══ Exercise data

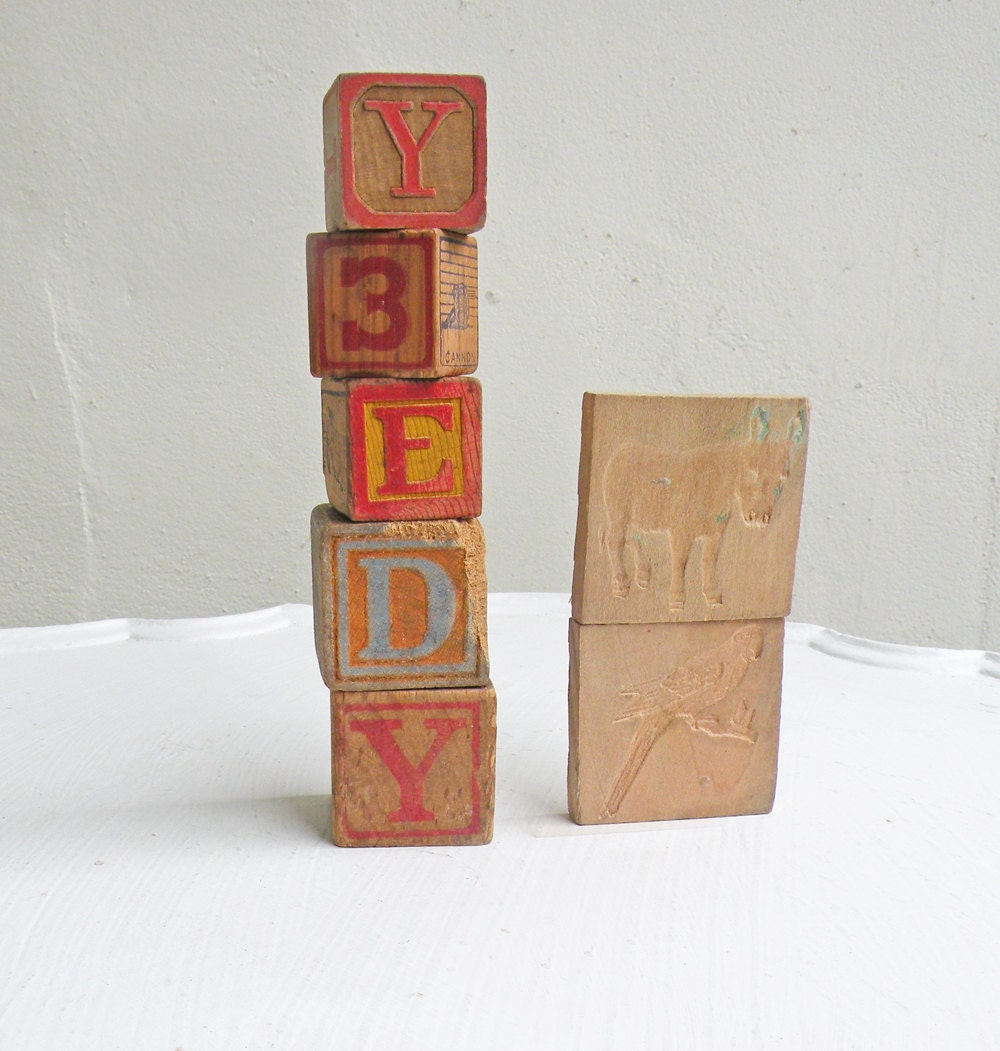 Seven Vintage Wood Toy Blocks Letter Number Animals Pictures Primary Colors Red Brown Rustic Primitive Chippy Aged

════
══ Exercise data

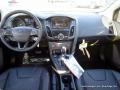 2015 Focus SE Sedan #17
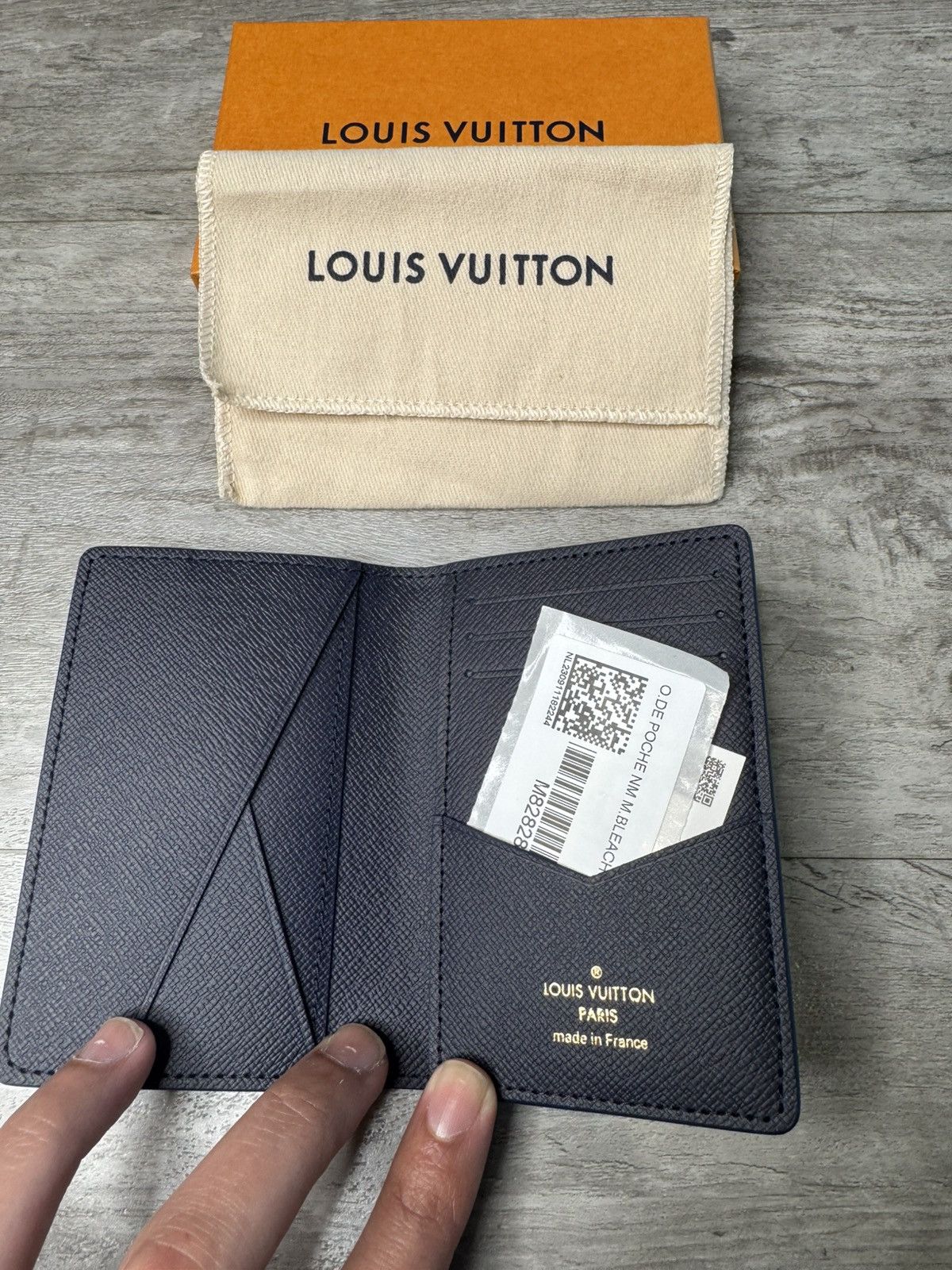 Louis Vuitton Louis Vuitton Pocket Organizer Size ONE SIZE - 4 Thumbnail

════
══ Exercise data

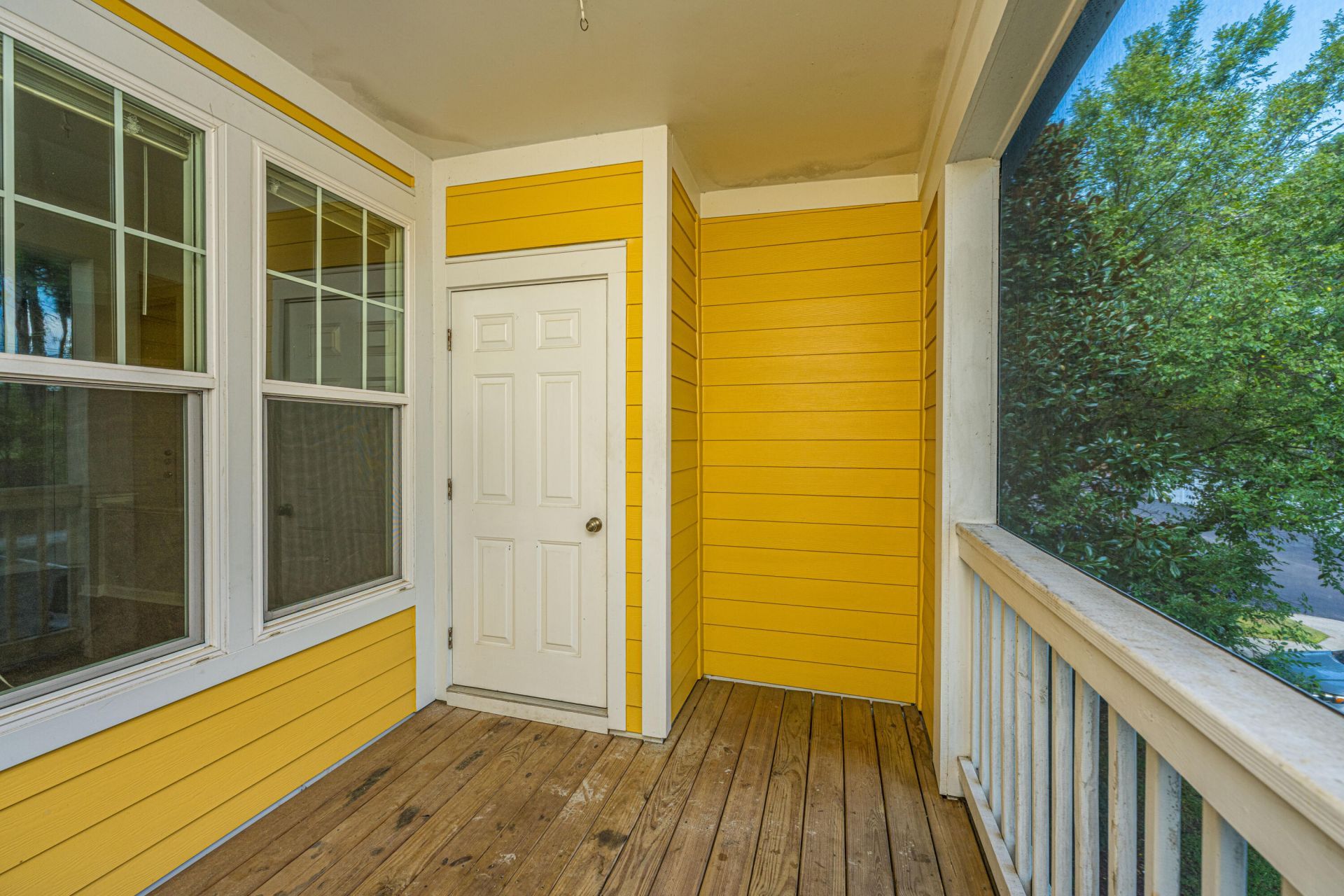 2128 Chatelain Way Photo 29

════

An exact copy is needed of the stretch above that opens with the line containing "2015 Focus SE Sedan #17" and closes with the line containing "Louis Vuitton Louis"; the pictures are not part of it.

 2015 Focus SE Sedan #17
 Louis Vuitton Louis Vuitton Pocket Organizer Size ONE SIZE - 4 Thumbnail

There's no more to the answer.